DIRECTIONS FOR THIS TASK:
With the pictures removed, please write out every line below exactly as given.

Image-text web data:
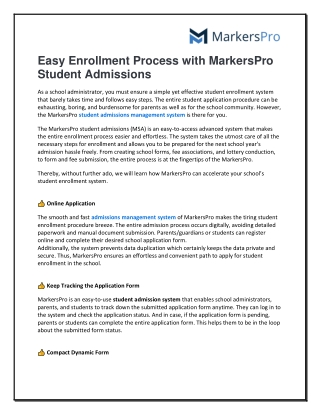 Easy Enrollment Process with MarkersPro Student Admissions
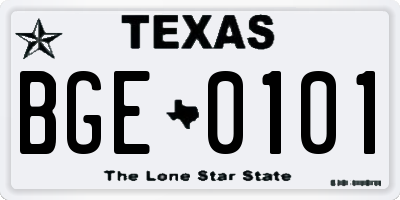 TX license plate BGE0101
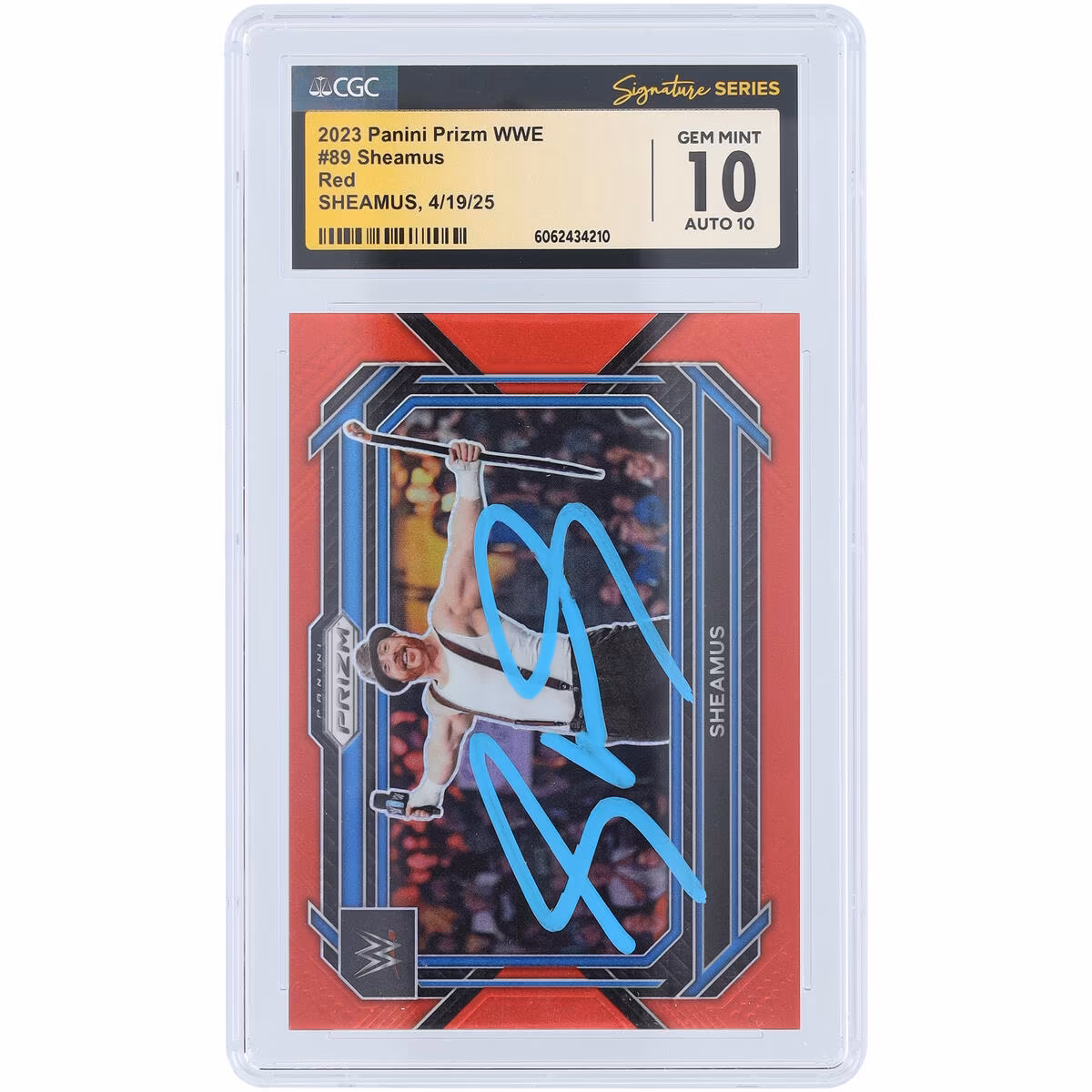 Sheamus WWE Autographed 2023 Panini Prizm Red Prizm Light Blue Ink #89 #/299 CGC Fanatics Witnessed Authenticated 10/10 Card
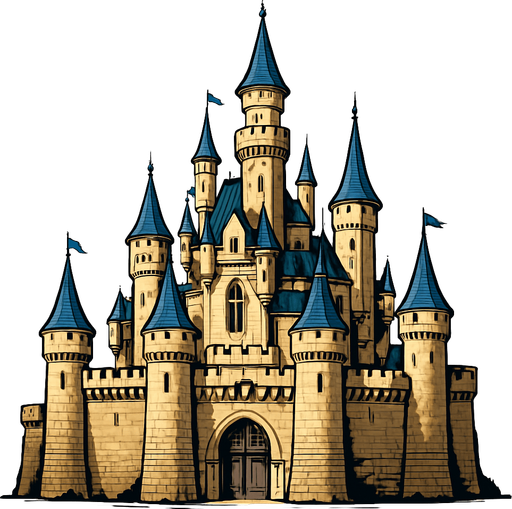 realistic majestic castle.
In-Game asset.  2d.  High contrast.  No shadows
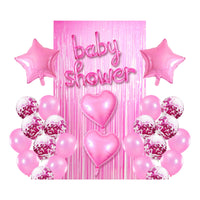 Set Decorativo Cortina Y Globos Baby Shower Niña Niño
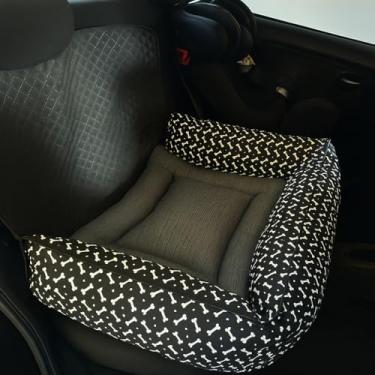 Imagem de Protetor impermeável para assento de carro para animais de estimação com colchão macio e impermeável. (Preto estampado)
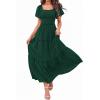 imagePRETTYGARDEN Summer Dresses for Women 2026 Boho Maxi Smocked Spring Wedding Guest Square Neck Short Sleeve Swiss Dot DressDark Green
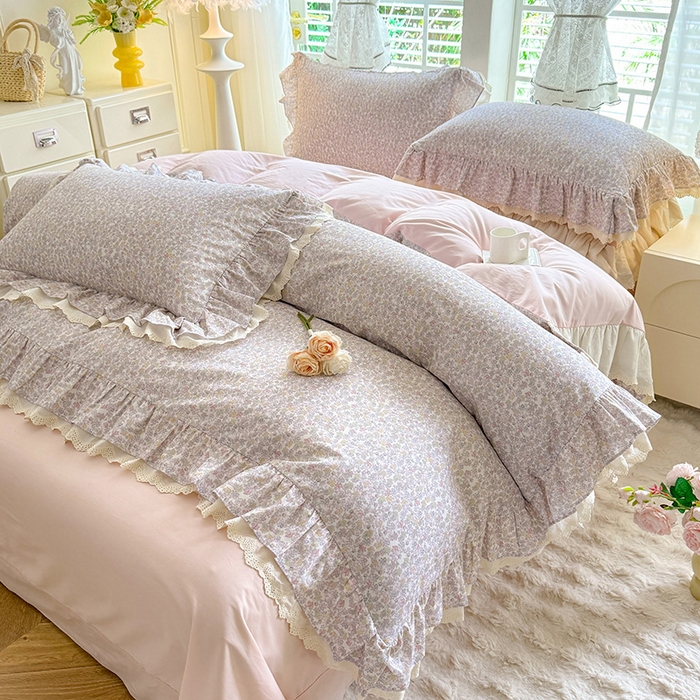 91家纺网 家纺一手货源 找家纺 巧玲珑 2025新款80s法式大花边四件套 芳悠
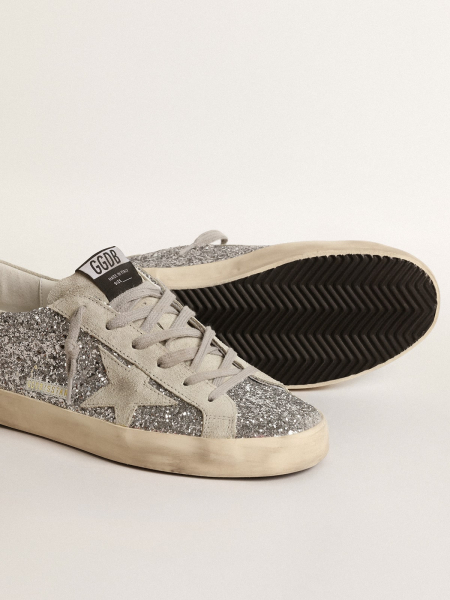 Golden Goose Super-Star In Silver Glitter With Ice-Gray Suede Star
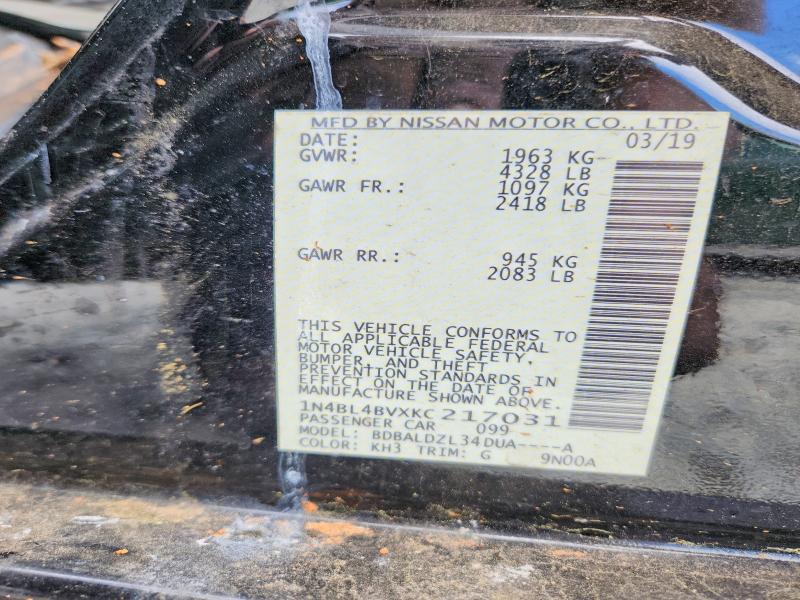 52646386 :رقم المزاد ، 1N4BL4BVXKC217031 vin ، 2019 Nissan Altima مزاد بيع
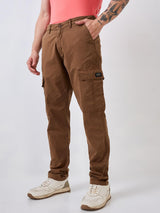 Men Cargo Regular Fit Brown Mid Rise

OUTPUT BELOW:
 Easy Enrollment Process with MarkersPro Student Admissions
 TX license plate BGE0101
 Sheamus WWE Autographed 2023 Panini Prizm Red Prizm Light Blue Ink #89 #/299 CGC Fanatics Witnessed Authenticated 10/10 Card
 realistic majestic castle.
In-Game asset.  2d.  High contrast.  No shadows
 Set Decorativo Cortina Y Globos Baby Shower Niña Niño
 Imagem de Protetor impermeável para assento de carro para animais de estimação com colchão macio e impermeável. (Preto estampado)
 imagePRETTYGARDEN Summer Dresses for Women 2026 Boho Maxi Smocked Spring Wedding Guest Square Neck Short Sleeve Swiss Dot DressDark Green
 91家纺网 家纺一手货源 找家纺 巧玲珑 2025新款80s法式大花边四件套 芳悠
 Golden Goose Super-Star In Silver Glitter With Ice-Gray Suede Star
 52646386 :رقم المزاد ، 1N4BL4BVXKC217031 vin ، 2019 Nissan Altima مزاد بيع
 Men Cargo Regular Fit Brown Mid Rise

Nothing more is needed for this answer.